#### DATA BLOCK
★ ★ ★ ★ ★

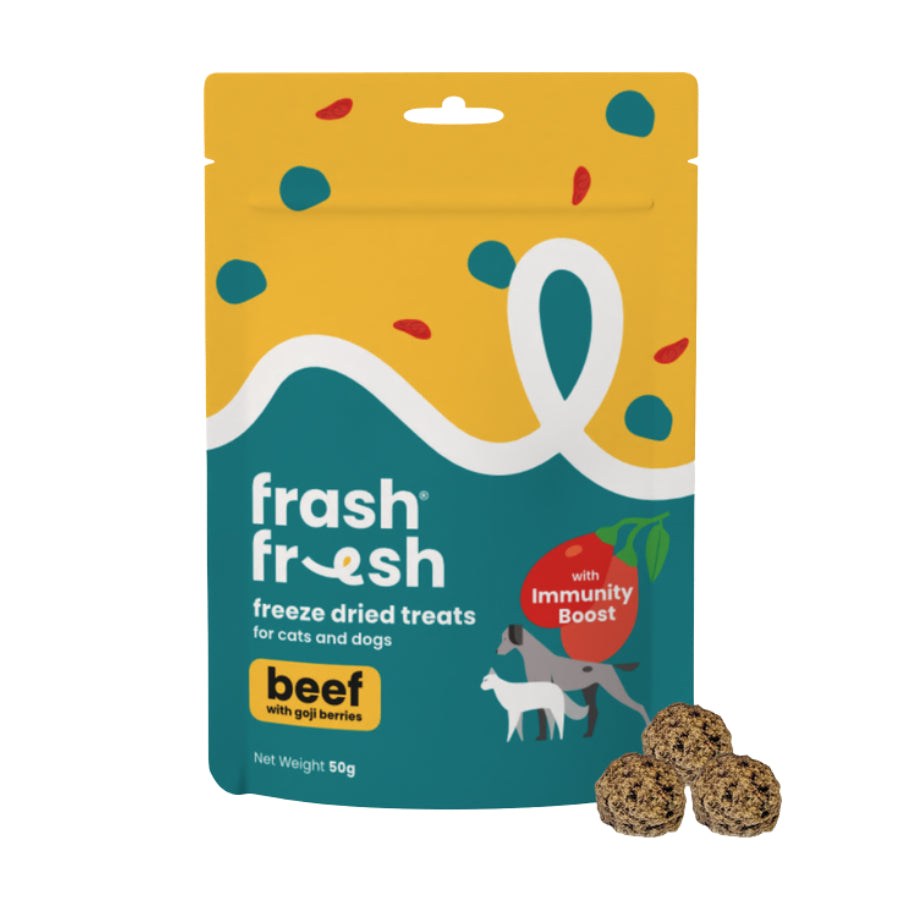 frashfresh Freeze Dried Dog & Cat Treats with Antioxidants and Immunity Boost - Beef | Chicken | Kangaroo | Pork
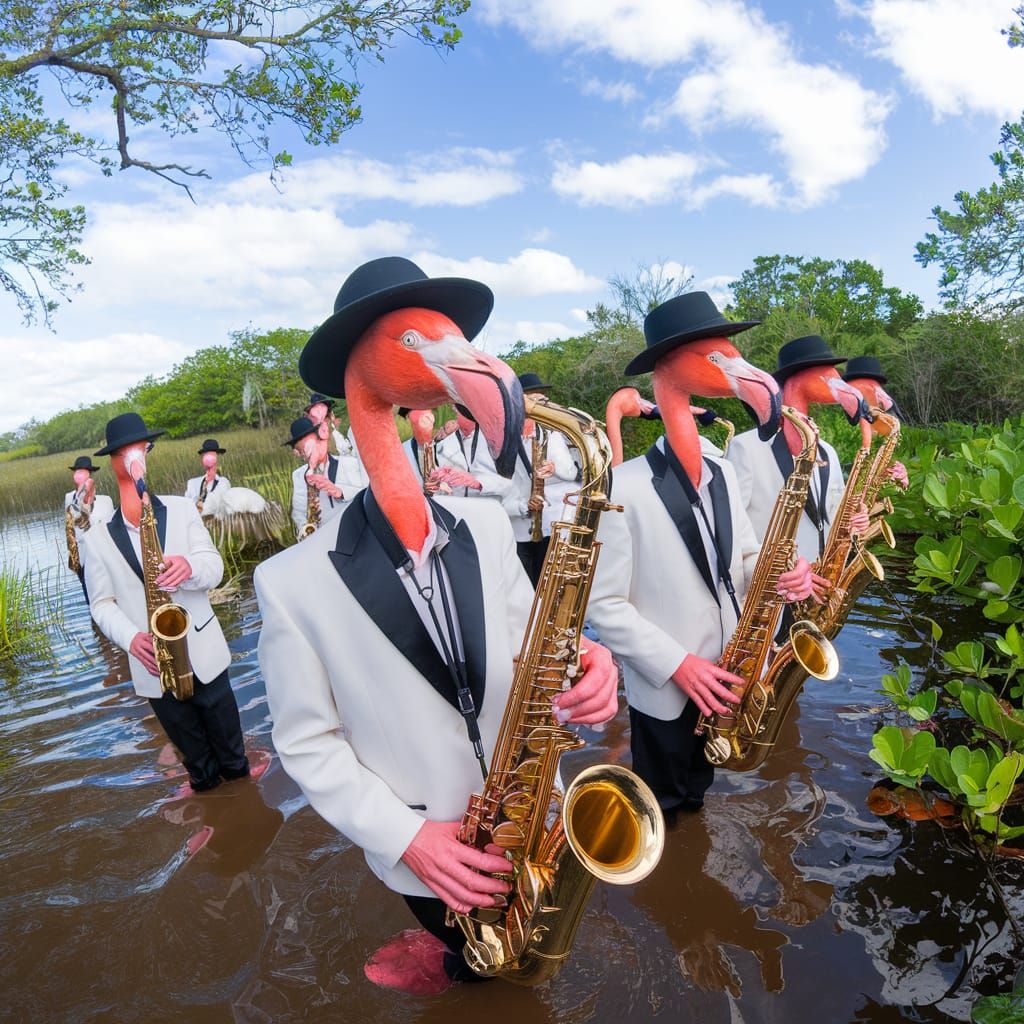 Flamingos Playing Saxophone in the Everglades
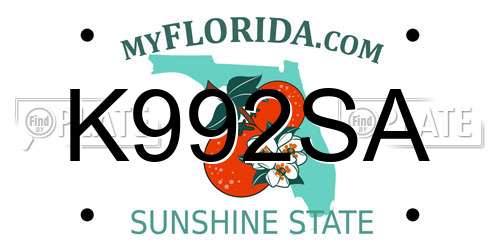 K992SA Florida License Plate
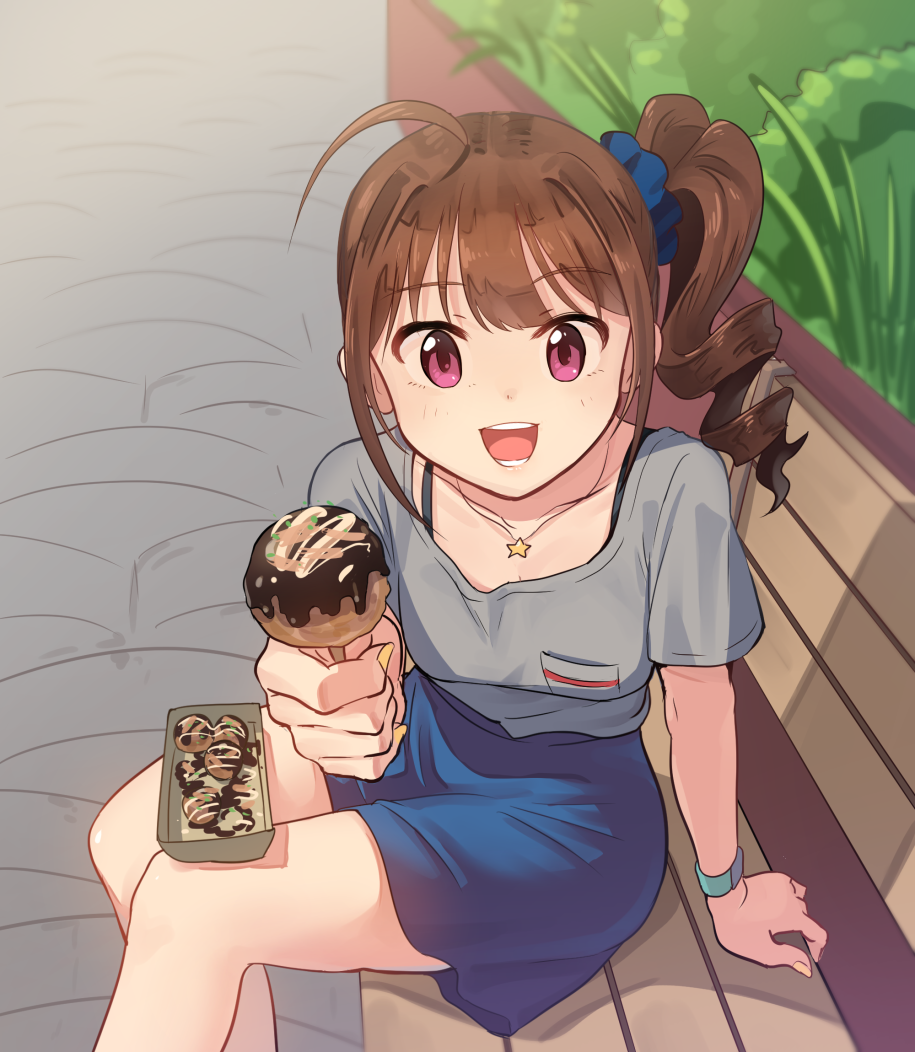 1girl bench blush brown_hair food idolmaster idolmaster_million_live! jewelry kamille_(vcx68) looking_at_viewer nail_polish necklace open_mouth pink_eyes short_hair short_ponytail sitting smile solo star_necklace takoyaki teeth yellow_nails yokoyama_nao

★ ★ ★ ★ ★

#### WHAT TO PRODUCE
Copying starts at the line containing "K992SA Florida License Plate" and ends at the last line of the material above; repeat only those lines exactly and omit the pictures.

#### ANSWER TO THE PROBLEM
 K992SA Florida License Plate
 1girl bench blush brown_hair food idolmaster idolmaster_million_live! jewelry kamille_(vcx68) looking_at_viewer nail_polish necklace open_mouth pink_eyes short_hair short_ponytail sitting smile solo star_necklace takoyaki teeth yellow_nails yokoyama_nao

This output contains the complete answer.